Exercise details: May I please have every record restated word for word, with the images left out?

Records supplied:
Segment Open

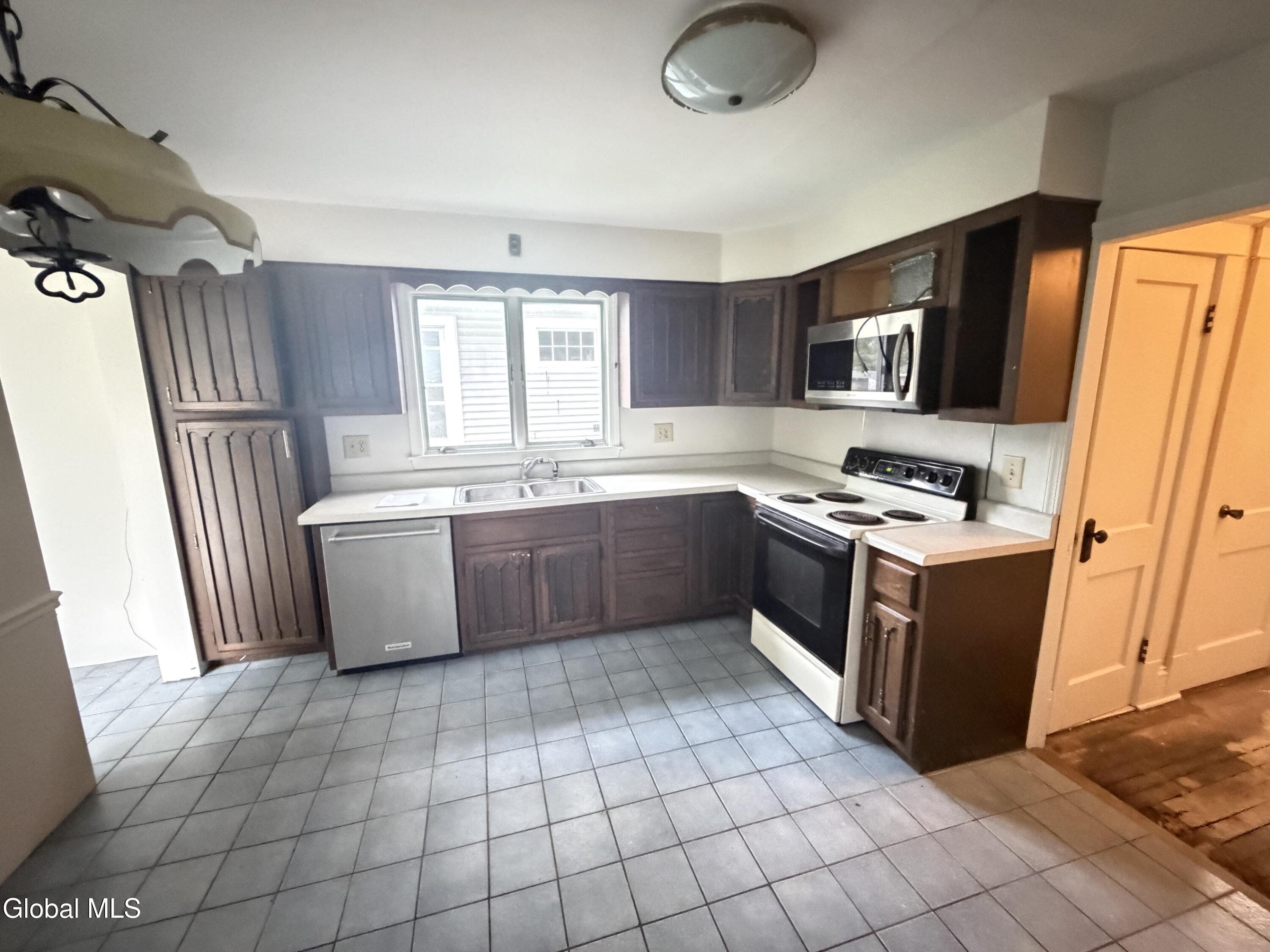 35 Terrace Avenue Albany NY 12203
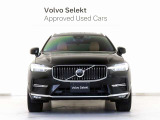 北欧の感性が息づくSUVの真価を追求した、ダイナミック・スウェディッシュSUV。ボルボXC60は、よりスマートにその輝きを増して進化しました。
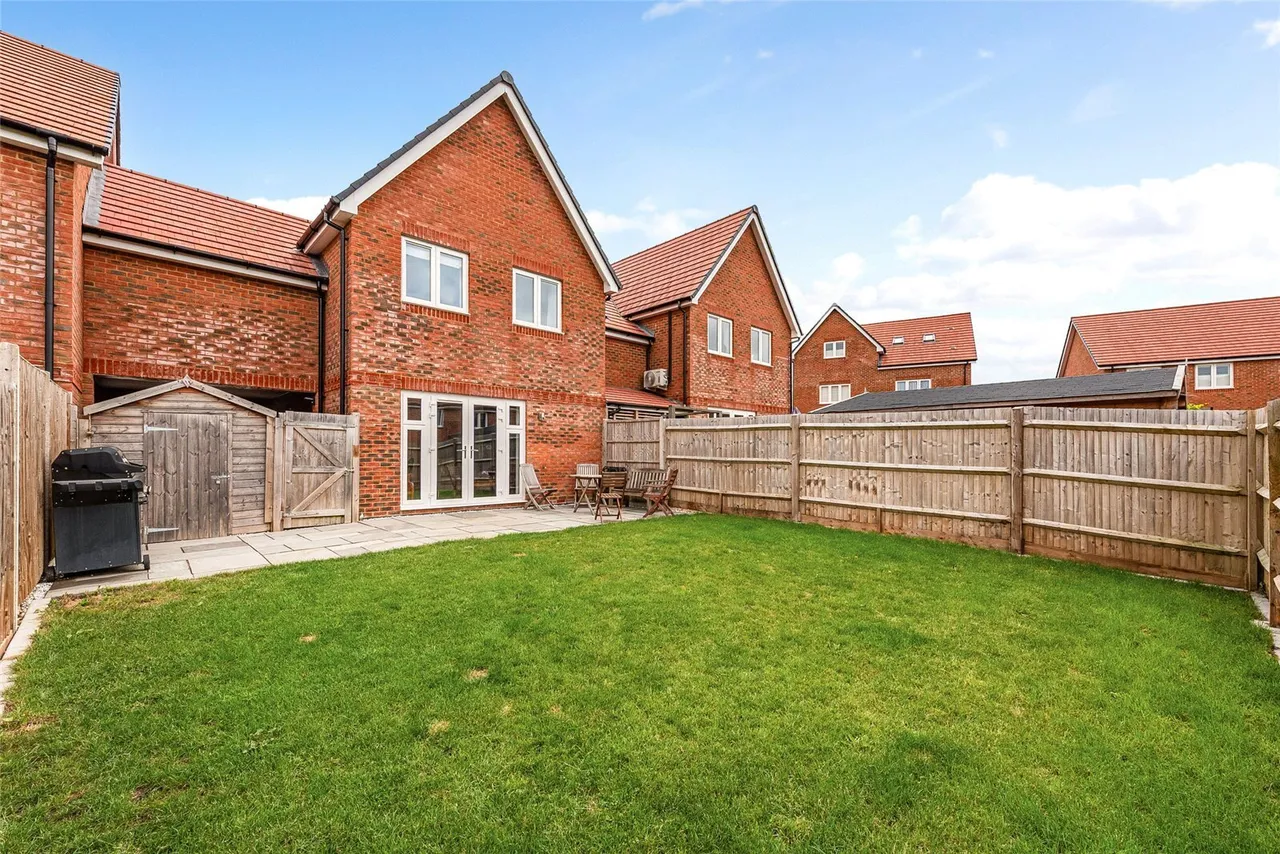 Farrier Way, Fontwell, BN18, photo 11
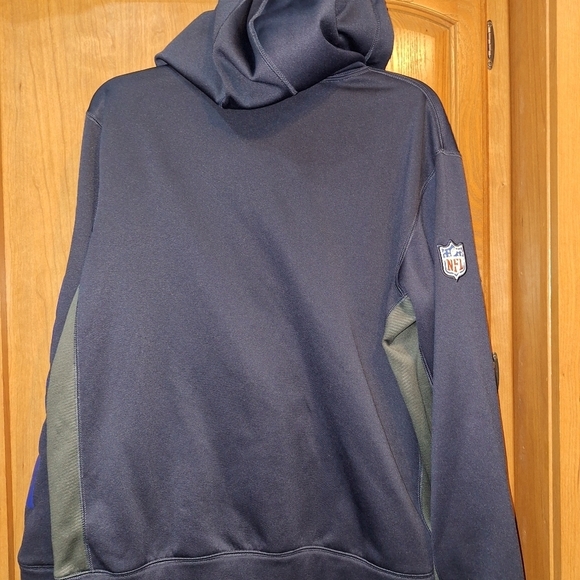 A Nike Therma-fit official NFL Chicago Bears hoodie in a men's size medium. - Picture 6 of 7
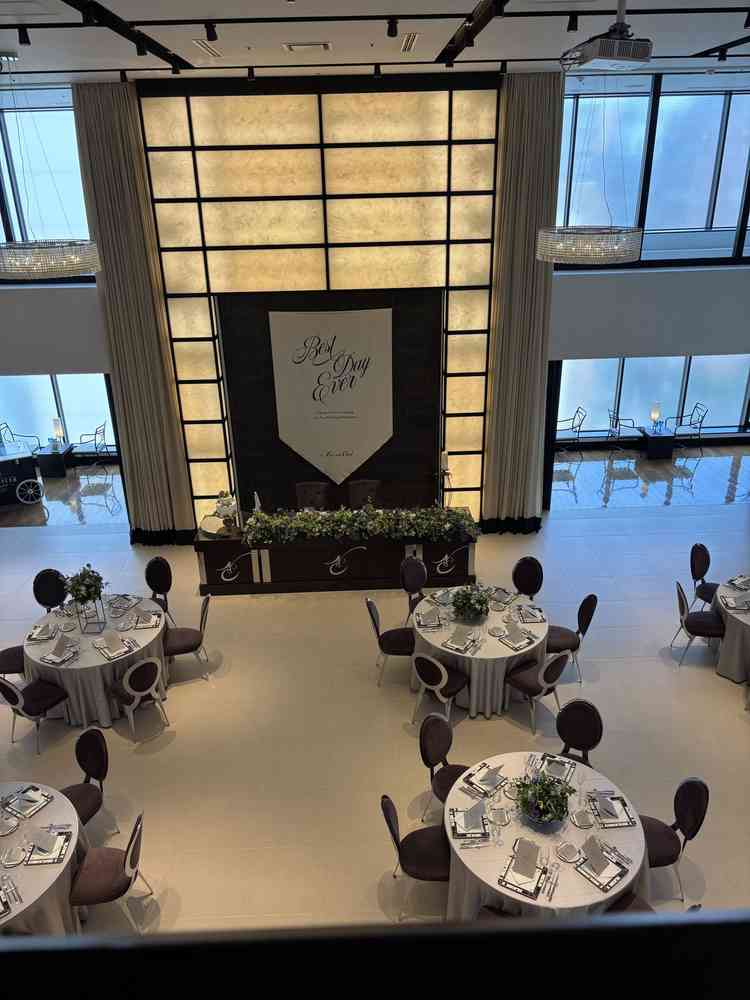 広く感じますが、一番後ろの人でもあまり遠く感じない会場です。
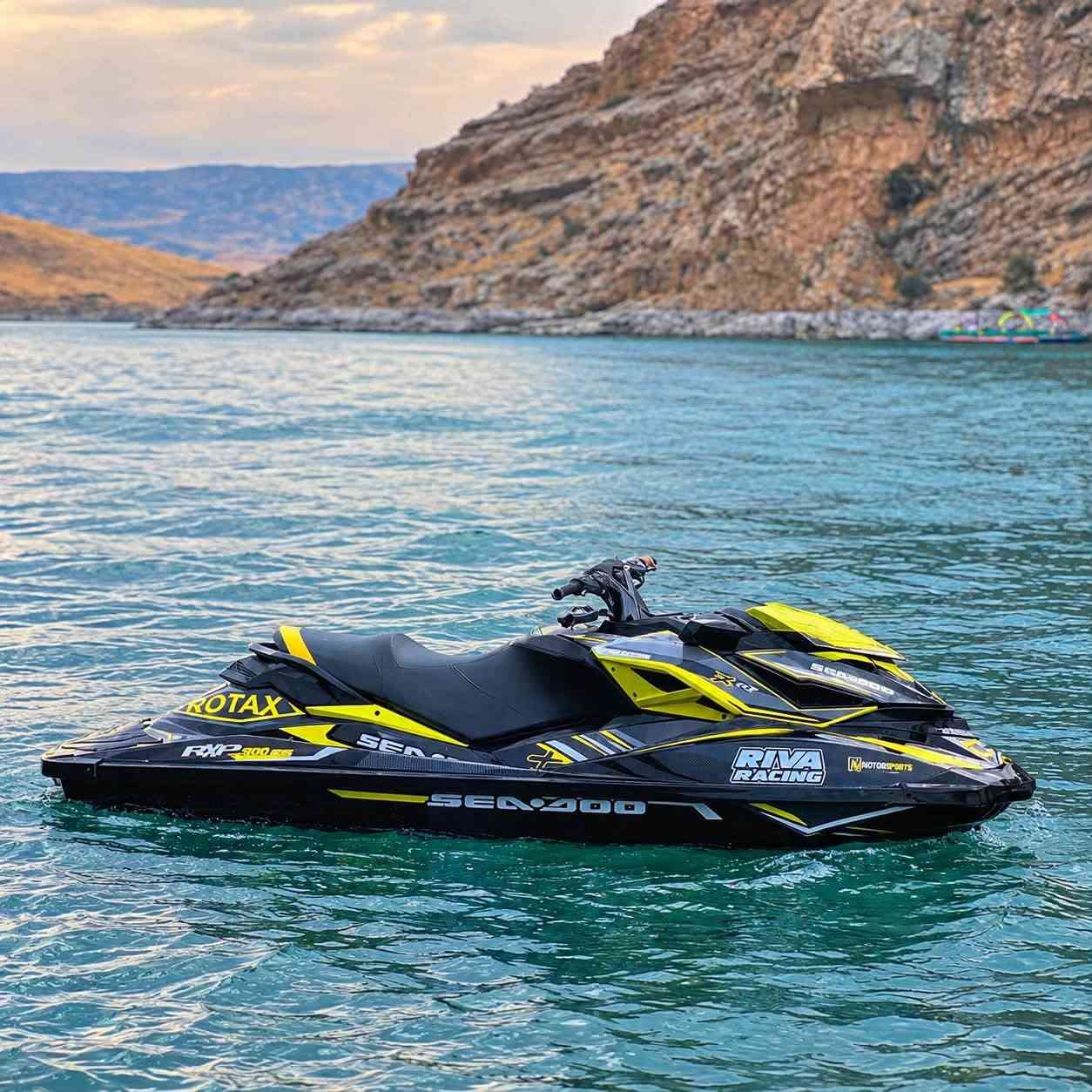 أهلاً بكم جميعاً، نعرض لكم اليوم جيت سكي (Sea-Doo) موديل 2014 بقوة 260 حصان بحالة ممتازة وخارقة للبيع.
الجيت سكي ماشاء الله قمة في النظافة وبحالة الشركة، ماشية 74 ساعة فقط والمحرك كَبْس لم يُفتح أبدًا. معدلة وجاهزة للسرعة والأداء العالي حيث تحتوي على برمجة عقل Stage 2، إكزوزت RIVA Racing، وبوشة وبروانة SOLAS. السعر مناسب جداً ومغري، ولمعرفة السعر وكافة التفاصيل يرجى إرسال رسالة عبر الواتساب ونحن بخدمتكم دائماً 🩵🔉. *********** +***********
.

سڵاو لە هەموو هاوڕێیان، ئەم جێتسکی سی-دوو (Sea-Doo) مۆدێل 2014 بە هێزی 260 ئەسپمان بە شێوازێکی زۆر نازدار و خاوێن هێناوە بۆ فرۆشتن.
ماشەڵڵا لەسەر دەقی شەڕیکە ماوەتەوە و تەنها ٧٤ سەعات کاری کردووە، مەکینەکەی کەپسە و پێداویستیی بەرزکردنەوەی هێزی لەسەرە بە عەقڵی Stage 2 و گزۆزی RIVA و بوش و پەروانەی SOLAS. نرخەکەی زۆر زۆر گونجاوە، بۆ زانینی نرخ و هەر تەفاسیلیەک بەخۆشحاڵییەوە نامە بۆ واتساپ بنێرن و لە خزمەتتاندام 🩵🔉. *********** +***********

Segment Closed

Result of the task:
 35 Terrace Avenue Albany NY 12203
 北欧の感性が息づくSUVの真価を追求した、ダイナミック・スウェディッシュSUV。ボルボXC60は、よりスマートにその輝きを増して進化しました。
 Farrier Way, Fontwell, BN18, photo 11
 A Nike Therma-fit official NFL Chicago Bears hoodie in a men's size medium. - Picture 6 of 7
 広く感じますが、一番後ろの人でもあまり遠く感じない会場です。
 أهلاً بكم جميعاً، نعرض لكم اليوم جيت سكي (Sea-Doo) موديل 2014 بقوة 260 حصان بحالة ممتازة وخارقة للبيع.
الجيت سكي ماشاء الله قمة في النظافة وبحالة الشركة، ماشية 74 ساعة فقط والمحرك كَبْس لم يُفتح أبدًا. معدلة وجاهزة للسرعة والأداء العالي حيث تحتوي على برمجة عقل Stage 2، إكزوزت RIVA Racing، وبوشة وبروانة SOLAS. السعر مناسب جداً ومغري، ولمعرفة السعر وكافة التفاصيل يرجى إرسال رسالة عبر الواتساب ونحن بخدمتكم دائماً 🩵🔉. *********** +***********
.

سڵاو لە هەموو هاوڕێیان، ئەم جێتسکی سی-دوو (Sea-Doo) مۆدێل 2014 بە هێزی 260 ئەسپمان بە شێوازێکی زۆر نازدار و خاوێن هێناوە بۆ فرۆشتن.
ماشەڵڵا لەسەر دەقی شەڕیکە ماوەتەوە و تەنها ٧٤ سەعات کاری کردووە، مەکینەکەی کەپسە و پێداویستیی بەرزکردنەوەی هێزی لەسەرە بە عەقڵی Stage 2 و گزۆزی RIVA و بوش و پەروانەی SOLAS. نرخەکەی زۆر زۆر گونجاوە، بۆ زانینی نرخ و هەر تەفاسیلیەک بەخۆشحاڵییەوە نامە بۆ واتساپ بنێرن و لە خزمەتتاندام 🩵🔉. *********** +***********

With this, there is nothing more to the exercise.